**Exercise requirements:** Please transcribe the listing below exactly, but only from the line containing "Men Yoga Pants" through its last line.

**Dataset excerpt:**
____

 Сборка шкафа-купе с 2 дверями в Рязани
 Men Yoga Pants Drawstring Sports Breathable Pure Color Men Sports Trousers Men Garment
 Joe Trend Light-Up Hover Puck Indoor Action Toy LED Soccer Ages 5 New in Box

____

**Written answer:**
 Men Yoga Pants Drawstring Sports Breathable Pure Color Men Sports Trousers Men Garment
 Joe Trend Light-Up Hover Puck Indoor Action Toy LED Soccer Ages 5 New in Box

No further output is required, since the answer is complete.